Some practical considerations
• In general, two chalices are required for each ciborium. • The consecrated wine must be consumed after the distribution (except in the case of someone who is ill and cannot receive solid food). Only the necessary amount of wine should be consecrated. • Each sacrament is always given to us by another person. A priest or deacon or a minister of Holy Communion should give communion by the Precious Blood to the lay faithful, standing in a designated place For Extraordinary Ministers of Holy Communion
• Stand a short distance from the Minister of the Host so as to avoid congestion • Hold the Chalice before each communicant and say “The Blood of Christ”. The Communicant responds with an “Amen” and the minister hands the cup to the communicant, who takes the cup, takes a sip and hands the cup back. • Wipe the rim of the cup carefully with the purificator, (inside and out) and turn the cup a quarter turn for the next person. • If your cup is emptied and there are more communicants, see if another minister is finished and has consecrated wine remaining in his or her cup or if there is more consecrated wine on the altar. If not, you should take the empty cup to the Altar. • If, after the last communicant, you have Precious Blood remaining in your chalice, look around at the other stations to see if there is a place where you can assist or where some other minister may need the wine from your cup. If not, take the cup to the Altar and consume the Precious Blood. • Please note, that if there is a substantial amount of Precious Blood left, no one is expected to consume an extraordinary quantity of Precious Blood. Please be responsible in getting others to assist you. If you have a wheat or alcohol related illness, you will not be expected to consume the Precious elements. In that case, please put your cup on the altar for the priest to consume.

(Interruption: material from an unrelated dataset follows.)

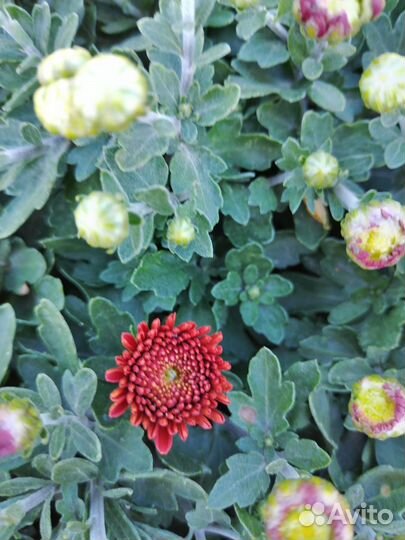 Хризантема мультифлора шаровидная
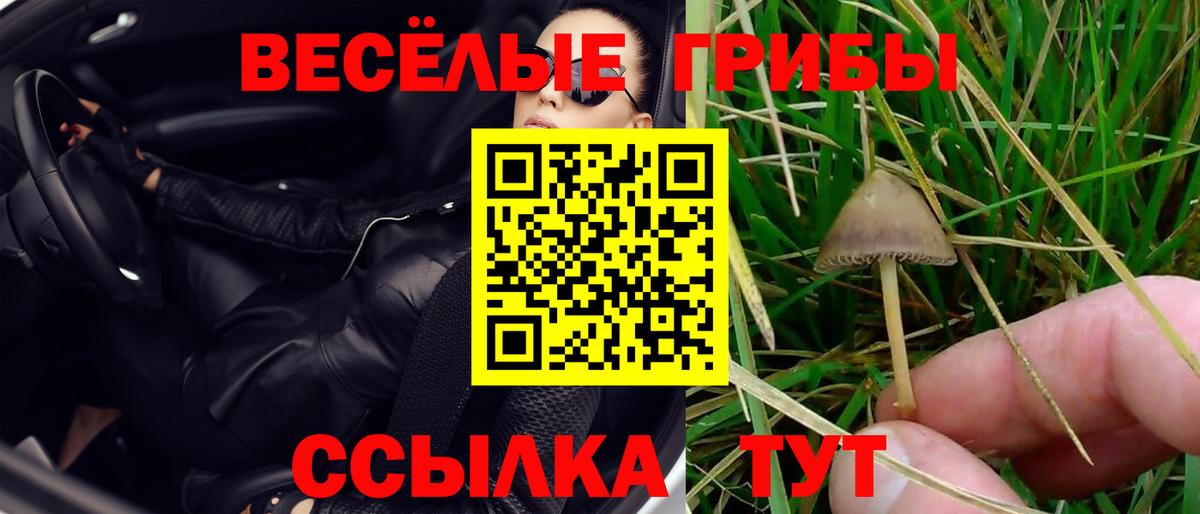Псилоцибиновые грибы Psilocybe  Галлюциногенные грибы MAGIC MUSHROOMS  Сухой Лог  Вход с VPN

Communion for those with a gluten intolerance
A gentle reminder about the reception of Holy Communion by those with a gluten intolerance (also known as coeliac condition). The possibility of receiving communion under both kinds at every Eucharist is always preferable as we can more fully respond to Christ’s command: “Take this all of you and eat it… Take this all of you and drink from it…”
When making a separate chalice available to provide those with a gluten intolerance the chance to receive communion, it should not be placed on the altar or on a side altar for them to come and take themselves. Each sacrament is always given to us by another person. A minister of Holy Communion should give communion by the Precious Blood to them, standing in a designated place. Please remember that people with a gluten intolerance can have a very serious health reaction to consuming even a tiny particle of a host. Therefore it is very important that people do not ‘contaminate’ a chalice provided for the possibility of their receiving communion by the intinction of their Host into the chalice. Imagine going forward to receive communion yourself only to find that you cannot because of other people’s lack of consideration. We recommend that a notice making clear the Holy Communion arrangements for those with a gluten intolerance is placed clearly on a notice board in your Church. For parishes that offer communion under both kinds regularly the following notice might also be placed in the weekly participation sheet: We invite those who wish to receive communion under both kinds not to dip their Host into the chalice out of care for those with a gluten intolerance for whom contamination can be very painful. Part of this article was adapted from the “Liturgical Calendar for Ireland 2009”.